The budget for the fiscal year 1998 is about 672 million yen (5.8 million U.S. dollars); 38% of which is from membership fees, 39% from assignment charges, and the remaining part is from the balance carried over from the previous fiscal year.
2. JP domains
JP domain names are categorized into two groups: one being functional type domains, and the other, geographical domains. Currently, we have 8 functional types, each of which is identified by a 2-letter code second level domain name. For example, NIC.AD.JP is assigned to JPNIC itself, and because it is working on network administration, is has "AD" as its second level domain name. The eight second levels are AD, CO, AC, GO, OR, NE, GR and ED.
Geographical domains have suitable codes indicating the location of the organization, as their second level.
JPNIC's assigning policy is roughly summarized as follows:
2.1. first come, first served,
2.2. one domain name per organization,
2.4. local presence in Japan.
For the principles 2.2 and 2.3, analogous policy may not be found in the InterNIC's com domains. JPNIC thinks these principles play important roles in reducing possible conflicts of domain names, and prevent trading domain names, which JPNIC thinks adds little to the development of the Internet.
"ED" is the newest functional type, which we started assigning this past February. This second level is for pupils and JPNIC has slightly modified "first come first serve" policy for this second level. That is, we created a pre-assigned domain name list for all 42,000 schools in Japan, and asked each school whether it was satisfied with the domain name JPNIC pre-assigned. JPNIC set the reviewing period until the end of this March, in which each school may demand to change their pre-assigned domain name. This is a strategy JPNIC took this time to avoid scrambling of a domain name by several schools which have the same name in different regions.

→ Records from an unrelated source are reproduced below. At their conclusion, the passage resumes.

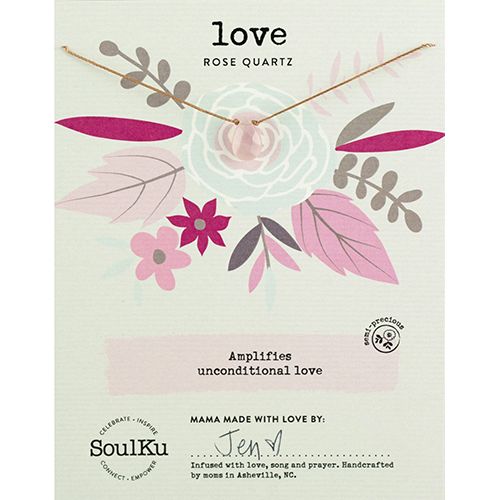SoulKu Rose Quartz Soul-Full of Light Necklace For Love, Color: Rose Quartz, Size: 16 -18 inch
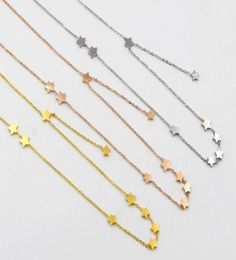 Version coréenne des neuf étoiles mosaïque collier court femmes mode étoile à cinq branches accessoires en titane collier clavicule4723474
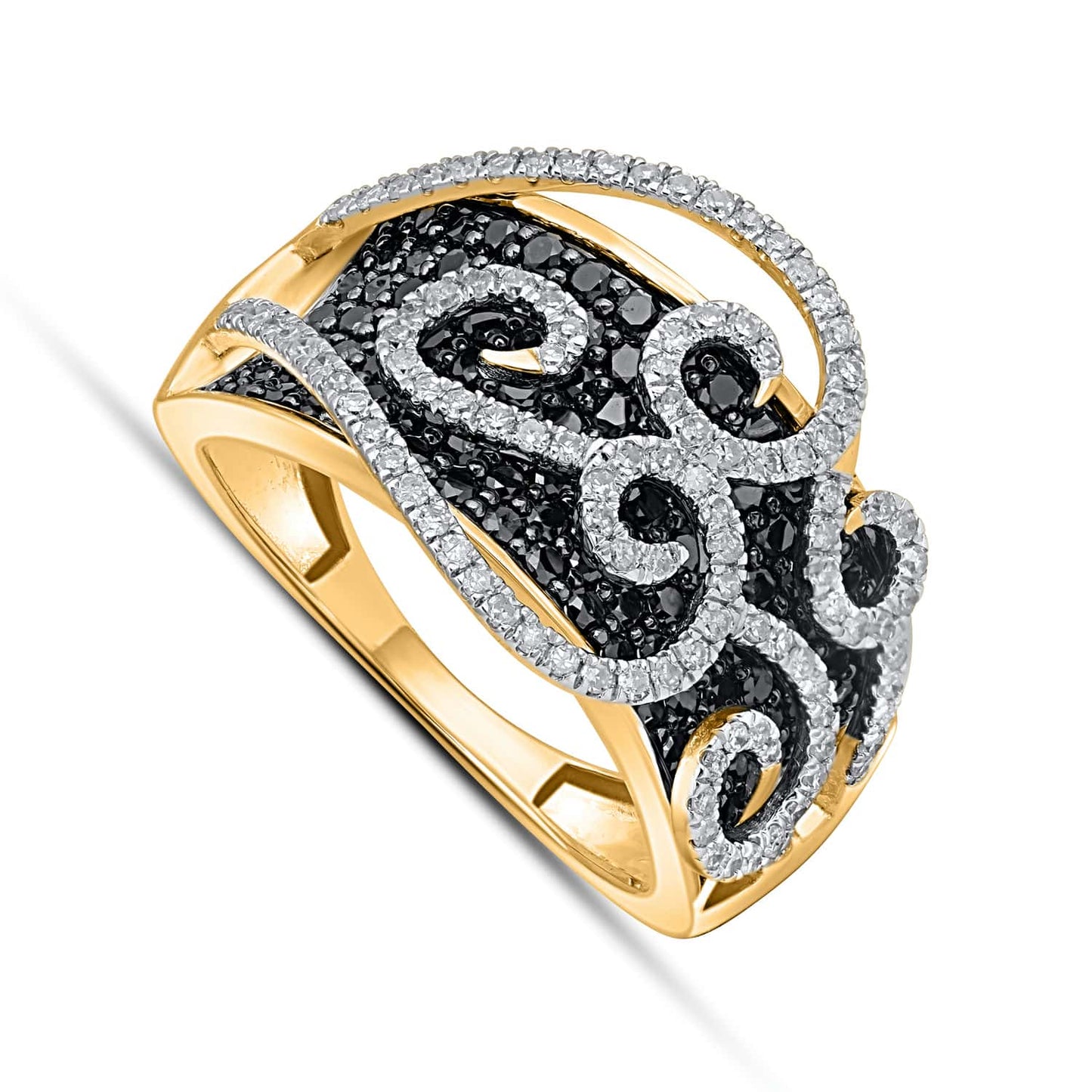 10K Yellow Gold 1.45 Cttw Green Diamond Ladies Band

Another important issue related to domain name business is the so-called "dispute policy". I have given a speech on this very issue at the APTLD meeting on March 1st. If you would like to see the text of this speech, please see
3. IP addresses and AS numbers
JPNIC allocates blocks of IP addresses to member ISPs, and they assign the necessary amount of addresses to users. This procedure is now based on the Internet draft RFC 2050. As an explosion of RIPs has been is a critical problem on the Internet, JPNIC has been doing its best to promote a hierarchical assignment system of IP addresses mentioned by the RFC with the collaboration with APNIC. AS number assignment is also done with the collaboration with APNIC.
4. Recent topic
--- Privacy problem of whois database and zone transfer of DNS
For many years JPNIC has been suffering from the inappropriate use of its whois database. In the past, some people have retrieved the whole JPNIC whois database and used it for SPAM mail and SPAM FAXs, even though the copyright notice of the database prohibits this. JPNIC has a list of all domain names it registered on its ftp server, so it is rather easy to get the whole database by using each domain name as a key. We have kept this list open because we feel that the tranparency of our domain name registration business is important, but now we are thinking of stopping the publication of the domain name list, and at the same time, switching off the zone transfer permission of DNS servers. Although we would like to keep the domain name list open, we feel that these actions are unavoidable to protect the privacy of domain name registrants. We think this is an important problem to be discussed worldwide among domain name registries.